In Nature Vol. 344, March 1, 1990 appeared three articles on A.D. Sakharov. The main article, by Soviet physicist E.L. Feinberg, entitled ‘The Physicist and the Soviet Citizen’ gives a biographical sketch, a discourse on Sakharov’s scientific work, notes on his political evolution, and his disarmament and human rights activities.
We learn that Sakharov’s father taught physics at high school and university and published several textbooks. His spiritual development was influenced by father, mother and grandmother, all of whom are said to have ‘belonged to the finest layer of the Russian intelligentsia and imparted its traditions to him’. Sakharov was born in Moscow in 1921. Sakharov attended Moscow University and after the war he joined a group headed by the physicist I.E. Tamm to work on the development of high tech weapons. As is well known, he made very important contributions in this field and was ‘generously rewarded by the government — with three Golden Stars of the Hero of Soviet Labour, among other orders and prizes — and in 1953 was elected a full member of the USSR Academy of Sciences.’ Over the period from 1948 to 1968 about 20 years of Sakharov’s life were devoted mainly to perfecting the hydrogen bomb, plus work on the peaceful use of nuclear fusion. But by 1961 he was already coming into conflict with Krushchev over further testing of the bomb. He lost his position when he published abroad ‘Meditations on Progress, Peaceful Coexistence and Intellectual Freedom’. He received the Nobel peace prize in 1975 but was sent to Gor’kii to live under constant surveillance following his protests over the invasion of Afghanistan. As everyone knows, he was released by Gorbachev in 1986.

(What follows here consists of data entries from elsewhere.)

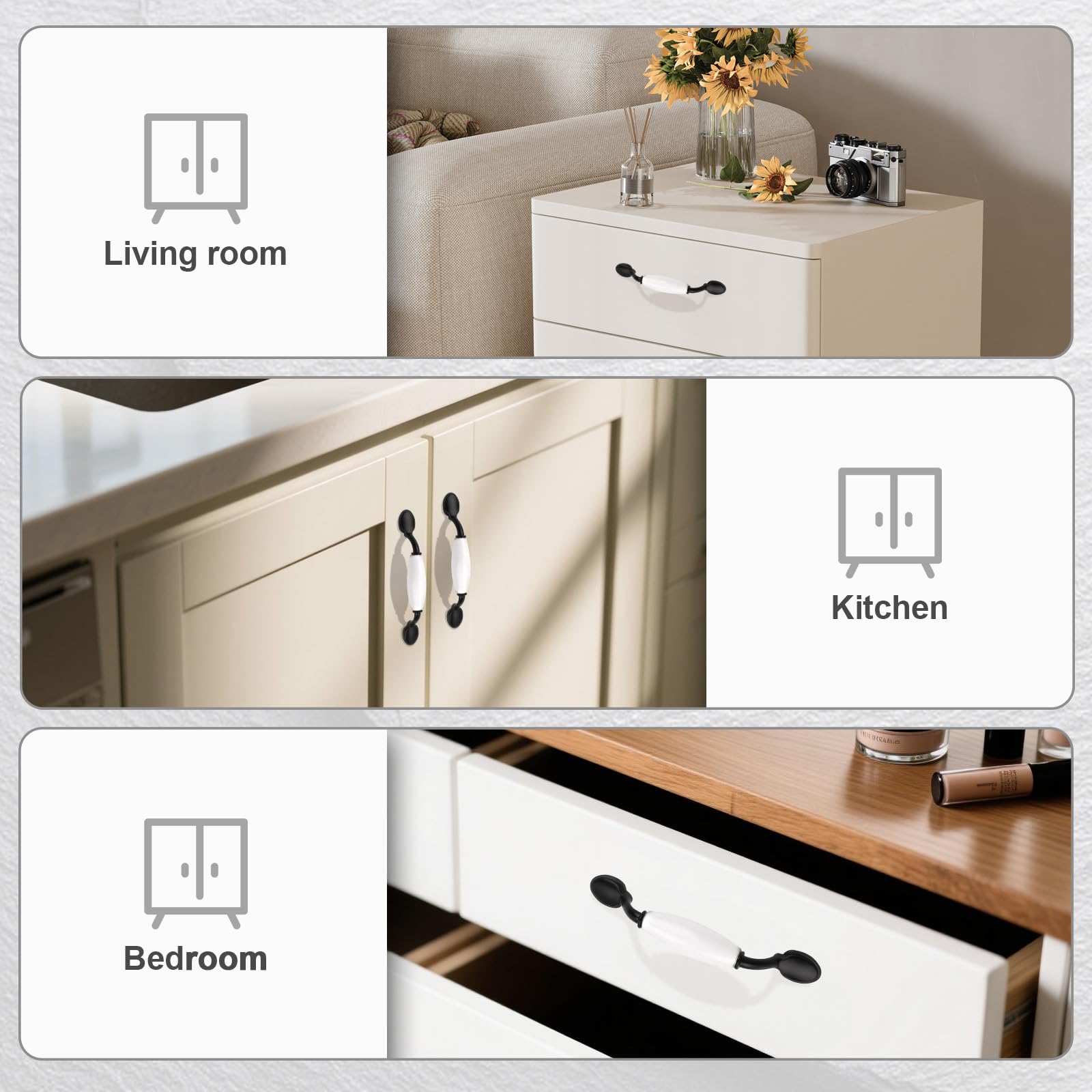 EZRENOVA 10 Pack Matte Black Cabinet Pulls 96mm Zinc Alloy Modern Style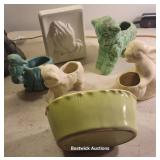 6pcs pottery - lambs, bunny, Hull praying hands,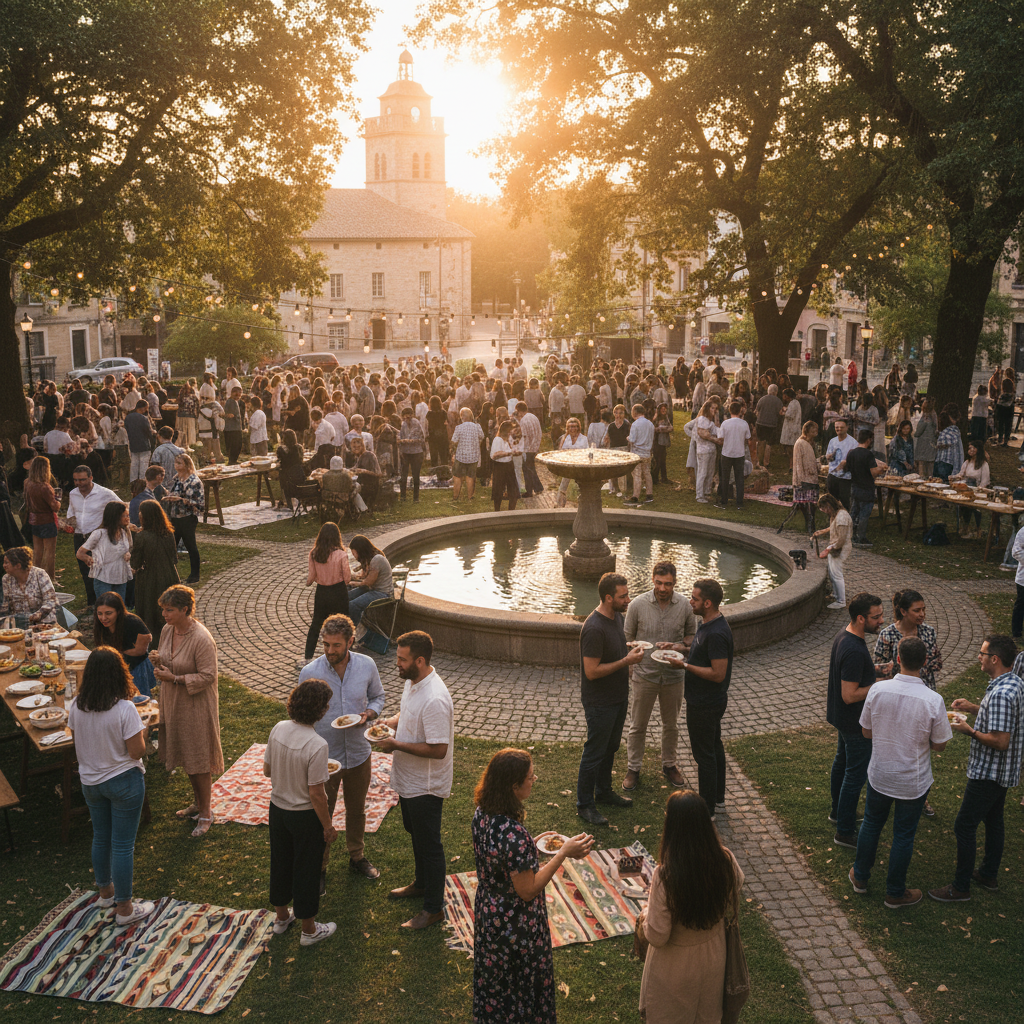 Cultural community gathering, warm golden light, people connecting through storytelling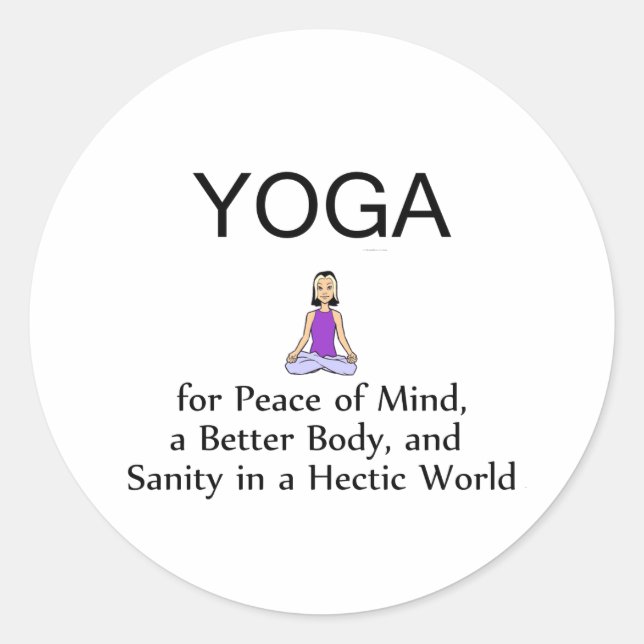 TOP Yoga Slogan Runder Aufkleber (Vorderseite)
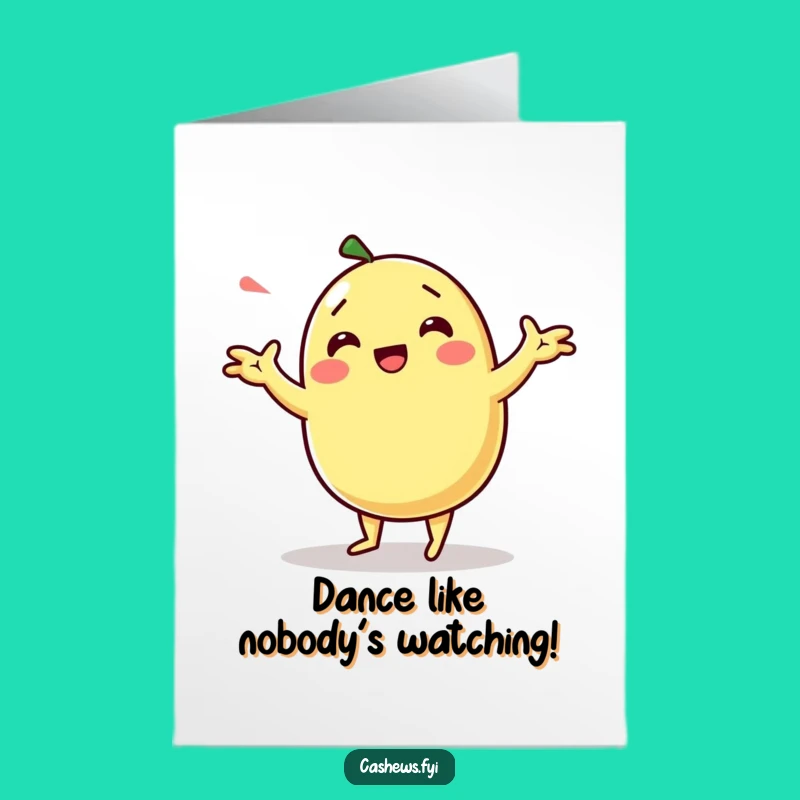 Free Printable Birthday Card: Funny Kawaii Cashew Dancing Celebration Downloadable Gift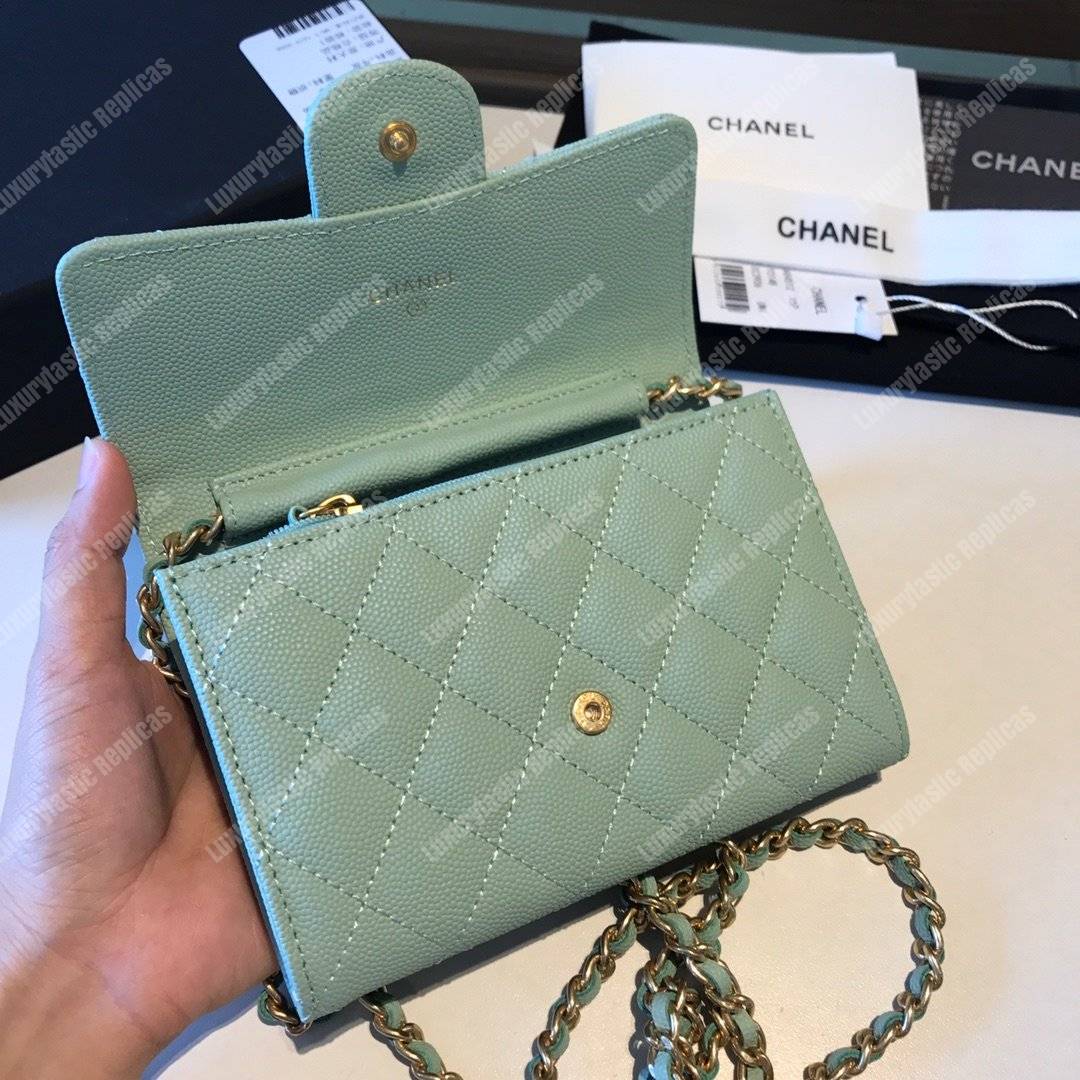 Ch*el classic clutch with chain – cwc caviar seafoam green silver-toned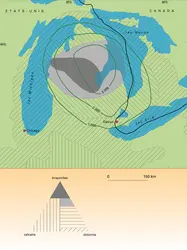Isopaques et lithofaciès du Silurien du bassin du Michigan - crédits : Encyclopædia Universalis France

In his scientific work and thought, Sakharov ranged from nuclear fusion to strong magnetic fields, elementary particles, field theory and cosmology. According to Feinberg,
The very trend of his thought was unusual. Moreover, when expressing his ideas he often used to omit some intermediate elements which seemed obvious to himself. Accordingly, at times his arguments at first seemed inconceivable and even plain wrong. Only after further, sometimes rather lengthy reasoning would it become clear that he was right.
Feinberg’s memoir becomes most compelling when he turns to Sakharov’s political evolution and views on disarmament. Pointing out that Sakharov was neither a member of the communist youth organization or the party, he notes that, nevertheless ‘his political views were in accordance with official ideology until almost 1956, the year Khruschev revealed Stalin’s ferocious crimes’. Then, and this is of the greatest interest,
It is absolutely wrong to think (as many people do) that Sakharov’s political activity was a kind of repentance for the ‘sin’ of participation in the bomb making. At that time, as well as later, most physicists believed that the world would not be safe if one power had a monopoly on nuclear weapons. Even in 1944, Neils Bohr was greatly troubled by this, as later were Albert Einstein and Bertrand Russell. I remember Landau (who himself has been jailed under Stalin, but who nevertheless took some part in the thermonuclear project) saying to me many times in the 1960s: ‘Good for physicists — they saved the world from war.’
Sakharov was of the same opinion. And then,
I heard at second hand that during his meeting with Edward Teller about one year ago he said to him something of the kind: ‘Essentially, you and I were solving a common problem.’ On another occasion I myself heard him say, ‘Teller is a tragic figure’.
Sakharov’s belief was that one should struggle for non-proliferation, and for reduction of nuclear arsenals as well as of conventional armaments. But he saw this as being possible only in the open world with human rights truly secured. In sum, I am sure that his political activities would have followed the same course even if he had not been involved in the making of the bomb.
V.N. Soyfer in a brief article (‘Against Lysenko’) in the same number of Nalure, notes that as early as 1959 Sakharov was producing calculations of the genetic threat from nuclear test explosions that contradicted the soothing claims of Edward Teller and, as a development of this thinking, he went on to attack Lysenkoism. Soyfer adds that ‘By this time Tamm and Sakharov had become legendary figures in biological circles.’
The third article by M. Frank-Kamenetskii only barely touches on Sakharov the man, but describes the physical environment — ‘an old Russian town that had been stripped of its name and was impersonally referred to (as it still is) as the “facility” or the “mail box”! This high security, defended town was, if you like, a Soviet equivalent of Los Alamos — a community of people working, under tolerably comfortable conditions, on a state-run atomic energy project; the time was 1951 or 1952. The author amusingly describes how scientists forbidden under security regulations from discussing their work when away from their immediate work place, invented a vocabulary of substitution terms so that they could talk of scientific work unimpeded by state security officers. Sakharov was one of the scientists who inhabited this ‘mail box’.